Highlights (v0.1.0 -> v0.2.2)

Optimization

  • Linear Method (LM) optimizer integrated under method="sr" with a unified use_lm / lm_subspace_dim hierarchy (plain SR / aSR / LM). New |v_0|^2 < 0.9 fallback to plain SR keeps non-linear-regime updates from producing NaN energies.
  • Adaptive learning rate for Stochastic Reconfiguration.
  • MO optimization for JSD via the projection method with Attacalite-Sorella regularization, plus geminal AO -> MO projection.
  • AO basis optimization (opt_J3_basis_coeff/exp, opt_lambda_basis_coeff/exp) with shell-shared constraint and dual symmetrization.
  • Distributed tall-CG SR solver via psum, removing mpi_size-scaling memory in the SR solve.

Performance

  • Fast-update use across MCMC / VMC / LRDMC, with mat-vec hot paths converted to GEMM for better GPU utilization.
  • On-GPU VMC optimization with use_device_collectives auto-selected by JAX backend; multi-GPU run_optimize supported.
  • LU -> SVD in determinant / geminal / GFMC_n / GFMC_t for ill-conditioned stability; Cartesian / Spherical AO conversion (Cartesian GTOs are substantially faster on GPU); ECP fast path (compute_ecp_coulomb_potential_fast).

Numerical precision

  • Mixed-precision support with "full" / "mixed" modes and per-zone dtype control.

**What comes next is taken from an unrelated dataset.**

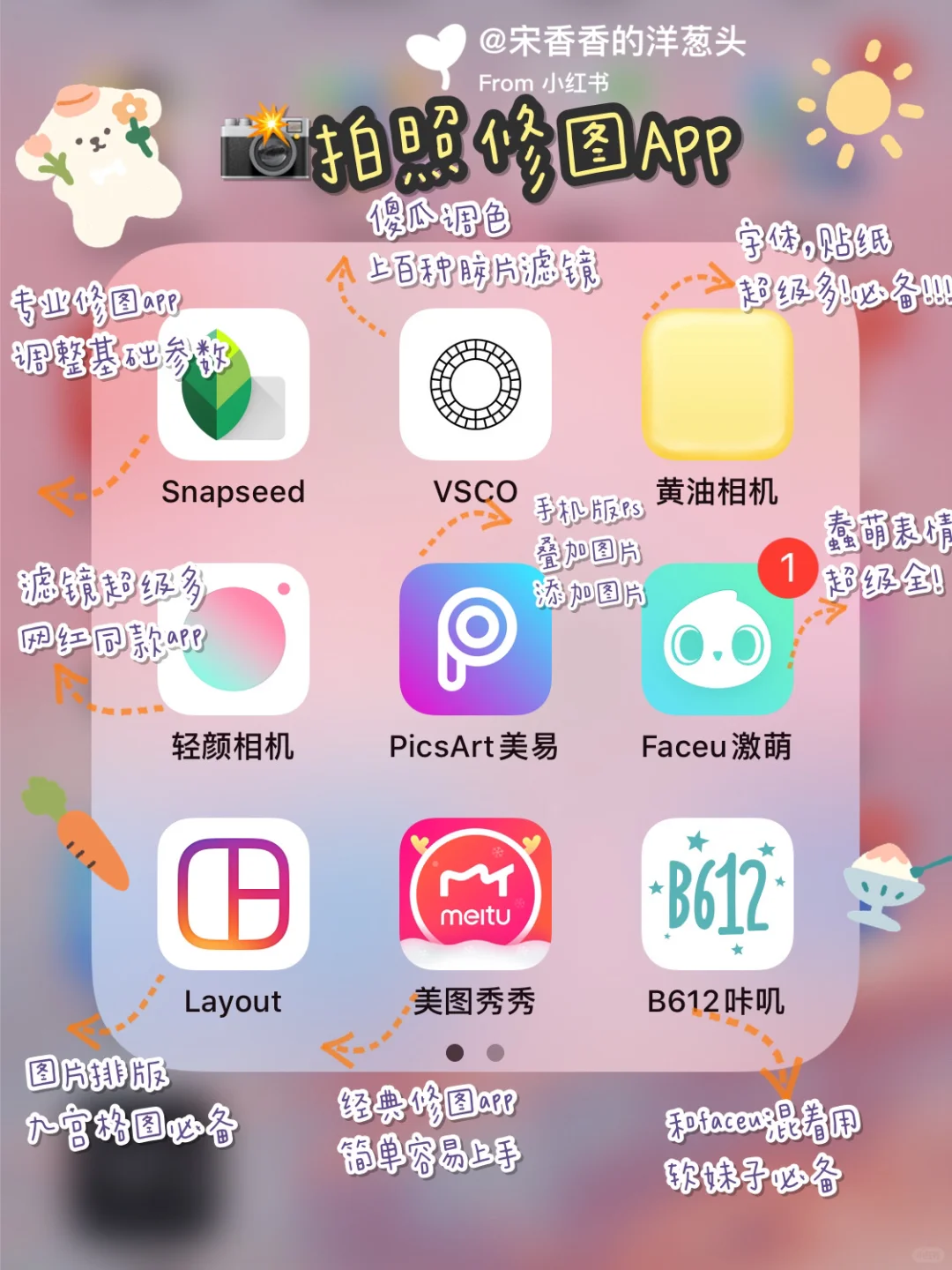 吐血整理 | 72款超实用app💓涵盖全方面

Three explicit design principles. AGP/SD geminal stays fp64 to prevent log|det| amplification; electron-nucleus r - R differences are reconstructed in fp64 before downcast to avoid catastrophic cancellation. ao_grad_lap and mo_grad_lap zones are split for finer-grained control.

Features

  • LRDMC atomic forces with the Pathak-Wagner regularization.
  • Runtime-selectable Jastrow forms: jastrow_1b_type and jastrow_2b_type (exp / pade).
  • use_swct flag to toggle Space Warp Coordinate Transformation in MCMC and GFMC_n / GFMC_t.

jqmc_workflow automation package

  • jqmc-workflow is introduced as a multi-stage QMC pipeline orchestrator (WF conversion -> VMC opt -> MCMC / LRDMC production) with automatic step estimation, checkpointing, and remote job management.

bug fixes

  • GFMC_n / GFMC_t spin-polarized (n_up != n_dn, n_dn >= 1) MPI bug.
  • MPI deadlock in max_time / stop_flag checks; Allreduce vs allreduce for scalars.
  • Optimizer step estimation; force NaN; MCMC memory overflow from r_up_history / r_dn_history storage.

Infrastructure

  • Restart files migrated from pickle .chk to HDF5 .h5 (no backward compatibility).
  • Ruff lint pipeline (jqmc-lint-ruff.yml) and pre-commit updates; non-ASCII cleanup across code and docstrings.
  • Nightly CI + Codecov activated with the pytest-xdist support.
  • Examples: 11 end-to-end tutorials (jqmc-example01 to jqmc-example08, jqmc-workflow-example01 to jqmc-workflow-example03).
  • Project ownership transferred to the jqmc-project GitHub organization; URLs updated.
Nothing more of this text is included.